This database was last updated in December 2015 ago and should only be used as a historical snapshot. More recent data on breaches affecting 500 or more people is available at the U.S. Department of Health and Human Services’ Breach Portal.

VA Southwest Health Care Network (VISN 18)

VISN 18 Phoenix, AZ

Mentioned in a privacy incident report created by the U.S. Department of Veterans Affairs on April 11, 2012. Also cited in 228 other reports.

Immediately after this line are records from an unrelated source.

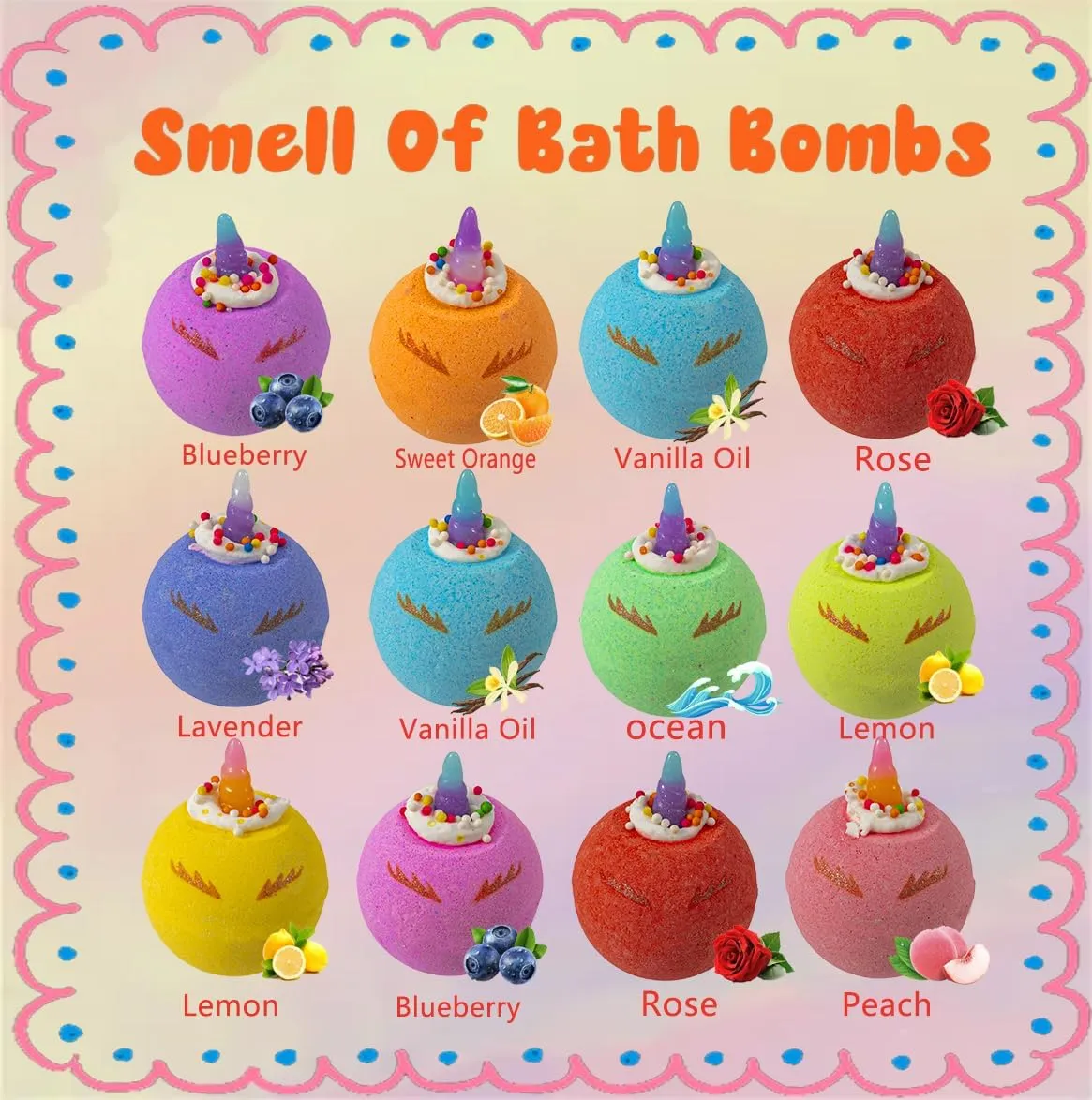 Kottke Kids Bath Bombs, 20 Organic Kids Bath Bombs with Jewelry Rings Inside, Non-Pierced Earrings and Ear Clips, Girls Birthday, Christmas, Easter, Valentine's Day Gift Set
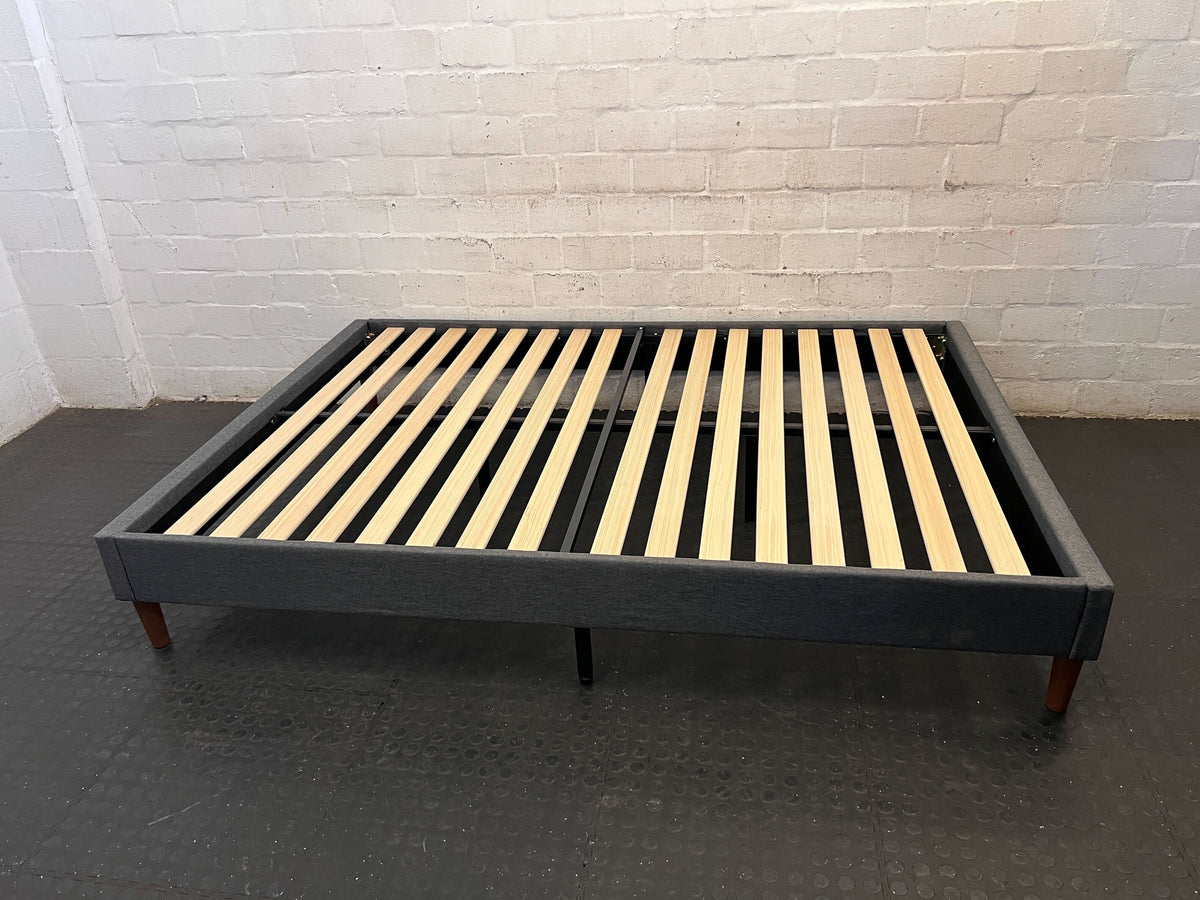 Modern Grey Upholstered Slatted Bed Frame - 2ndhandwarehouse.com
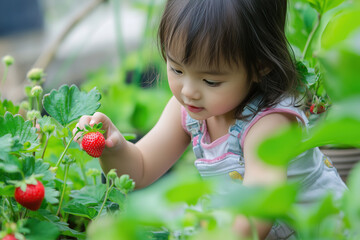 Young Asian girl picking strawberries in a garden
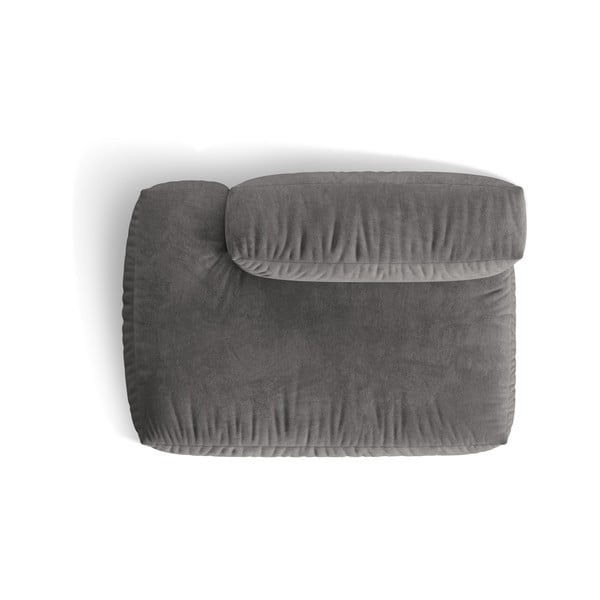 Pelēka samta modulārā dīvāna daļa (ar kreiso stūri) Martina – Micadoni -image-3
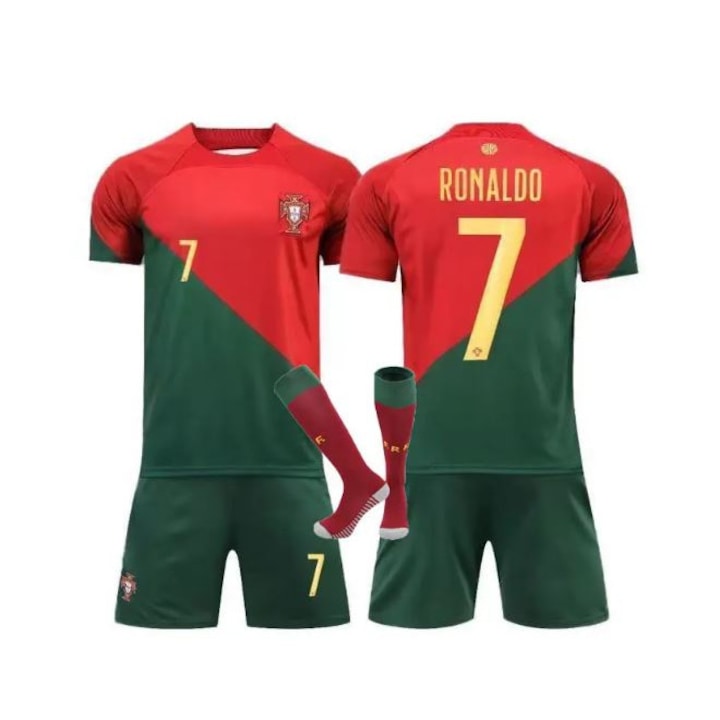 Echipament Sportiv Copii Ronaldo Fotbal Tricou, 110-120 CM, Poliester, Multicolor
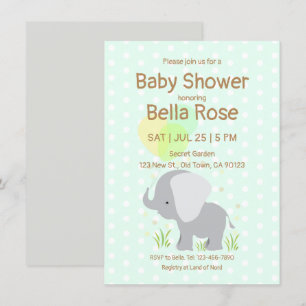 Mint Elephant Baby Shower Invitations
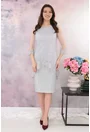 Rochie de ocazie din lurex cu pelerina din tulle si broderie gri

Report ID: SPE000000074013, U.S. Department of Veterans Affairs

Reported Entity: VISN 18 Phoenix, AZ

Issue:

During a routine on-site Office of Research Oversight (ORO) audit, the auditor determined that the research study was using an invalid HIPAA Authorization that was part of an Insitutional Review Board (IRB) approved compound research informed consent form. The study team was apparently unaware that the software used to send wound image files from a laser digital planimetry camera to the study sponsor's data center was attaching identifiable information (initials, DOB, date of photograph) to the image files before uploading them, and thought they were uploading only the images. ORO determined the HIPAA Authorization section of the informed consent form was invalid 1) because it stated no identifiable information would be disclosed outside the VHA, and 2) did not list the data center among entities the study was permitted to disclose identifiable data to. The data center was listed on the photograph disclosure consent form instead. Data center is located in New Zealand. Four subjects had been consented to the study and had wound planimetry photographs as of this date. Update: 04/12/12: The release forms signed by the research subject specifically stated that no personally identifiable information would be released. The photos which were sent to the data center did contain the name and date of birth of each subject. Four patients will be sent a notification letter.

Outcome:

Investigation by the Office of Research Oversight (ORO), Research Information Privacy Officer (Research PO), and Institutional Review Board (IRB) determined the breach was unintentional. Study staff are now aware identifiable data were embedded in transmitted research image files and on blood sample tube labels. IRB on 4/11/2012 required the study staff to revise the Research Informed Consent Form / HIPAA Authorization to accurately reflect these transmissions of PHI. IRB further ruled on 4/11/2012 that the study team was to re-consent the four study subjects using the accurate HIPAA Authorization once it was approved. Study staff made those revisions and the revised document was approved by the convened IRB on 5/9/2012. Study team is in the process of re-consenting the subjects. Notification Letters were mailed to the four study subjects by Research PO on 5/23/2012. Since the IRB ruling of 4/11/2012, ORO has required that the study split the HIPAA Authorization out of the Informed Consent Form. While this is not yet done it is intended to bring the study into compliance with Office of Research and Development regulations per VHA Handbook 1200.05 as clarified on 3/12/2012, not to remedy this privacy incident. Research PO therefore considers the mitigation of the incident and corrective actions to prevent future recurrences to be complete, and requests closure.